Sink data from RisingWave to Snowflake

Snowflake is a cloud-based data warehousing platform that allows for scalable and efficient data storage and analysis. For more information about Snowflake, see Snowflake official website. Sinking from RisingWave to Snowflake utilizes Snowpipe for data loading. Initially, data is staged in a user-managed S3 bucket in JSON format, and then loaded into the Snowflake table via Snowpipe. For more information, see Overview of the Snowpipe REST endpoints to load data.

PREMIUM EDITION FEATUREThis is a Premium Edition feature. All Premium Edition features are available out of the box without additional cost on RisingWave Cloud. For self-hosted deployments, users need to purchase a license key to access this feature. To purchase a license key, please contact sales team at sales@risingwave-labs.com.For a full list of Premium Edition features, see RisingWave Premium Edition.
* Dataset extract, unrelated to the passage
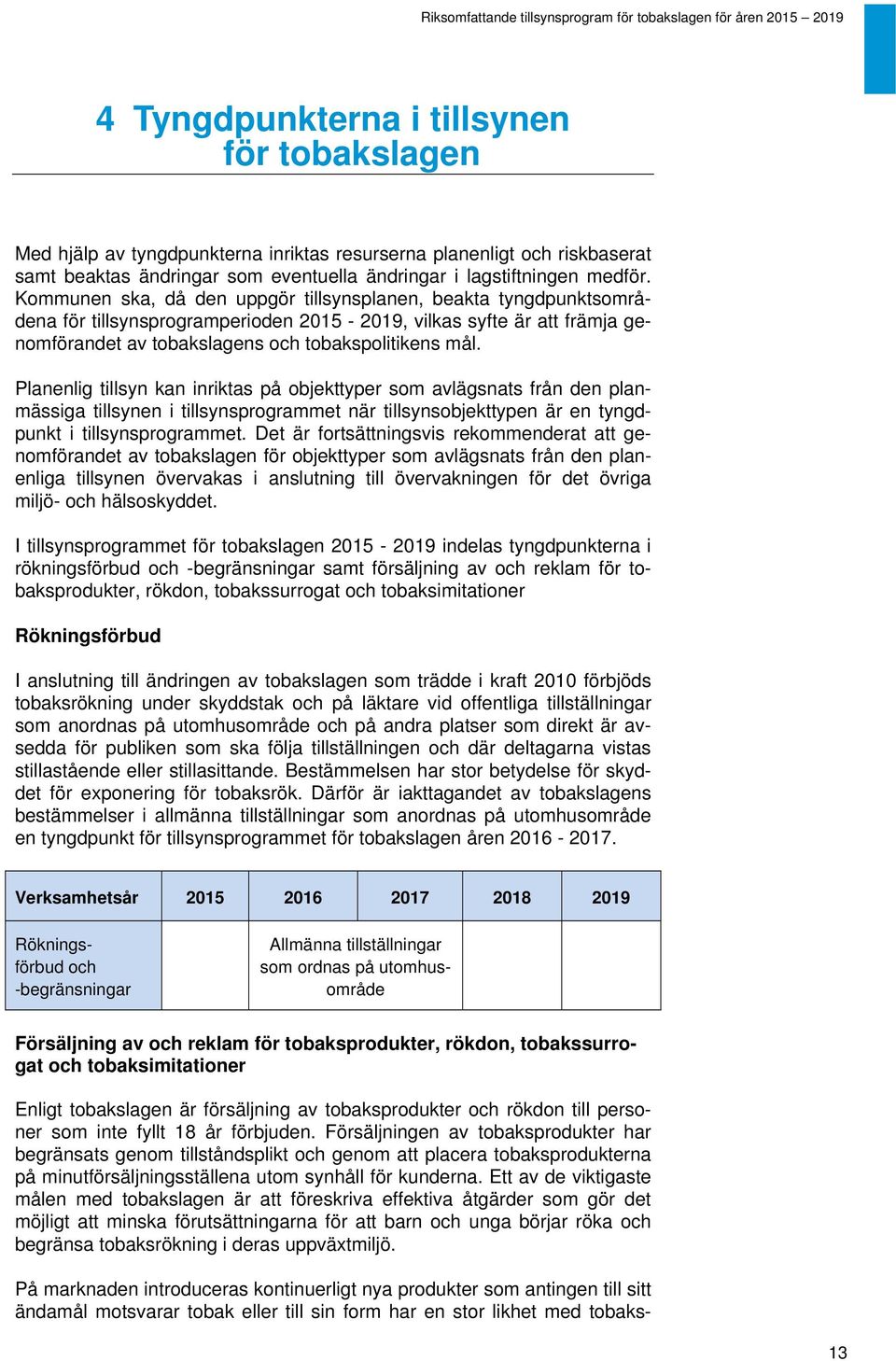 Planenlig tillsyn kan inriktas på objekttyper som avlägsnats från den planmässiga tillsynen i tillsynsprogrammet när tillsynsobjekttypen är en tyngdpunkt i tillsynsprogrammet.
PUBLIC PREVIEWThis feature is currently in public preview, meaning it is nearing the final product but may not yet be fully stable. If you encounter any issues or have feedback, please reach out to us via our Slack channel. Your input is valuable in helping us improve this feature. For more details, see our Public Preview Feature List.

Prerequisite

Ensure you have an S3 bucket that RisingWave can connect to.
Ensure you have an upstream materialized view or source in RisingWave that you can sink data from.
Ensure the S3 user account has WRITE permission.
Ensure that Snowflake and S3 are set up in the same manner as described in the Automating Snowpipe for Amazon S3, as RisingWave is only responsible for writing data to S3.

RisingWave will not be responsible for deleting data already imported by S3. You can manually set the lifecycle configuration of your S3 bucket to clear out unnecessary data. See Lifecycle configuration and Delete staged files for more details.

Syntax

Use the following syntax to create a sink in RisingWave:

CREATE SINK [ IF NOT EXISTS ] sink_name
[FROM sink_from | AS select_query]
WITH (
   connector='snowflake',
   connector_parameter = 'value', ...
);

Parameter

All parameters are required unless specified otherwise.

Parameter	Description
s3.bucket_name	The S3 bucket where intermediate sink files will be stored.
s3.path	Optional. The S3 path to be specified. If specified, the actual file location would be `<s3_bucket>://<s3_path>/<rw_auto_gen_file_name>`. If not, it would be `<s3_bucket>://<rw_auto_gen_file_name>`.
s3.credentials.access	S3 access credentials.
s3.credentials.secret	S3 secret credentials.
s3.region_name	The S3 region, e.g., `us-east-2`.
force_append_only	Optional. If true, forces the sink to be append-only, even if it cannot be.

Data type mapping

The following table shows the corresponding data types between RisingWave and Snowflake. For details on native RisingWave data types, see Overview of data types.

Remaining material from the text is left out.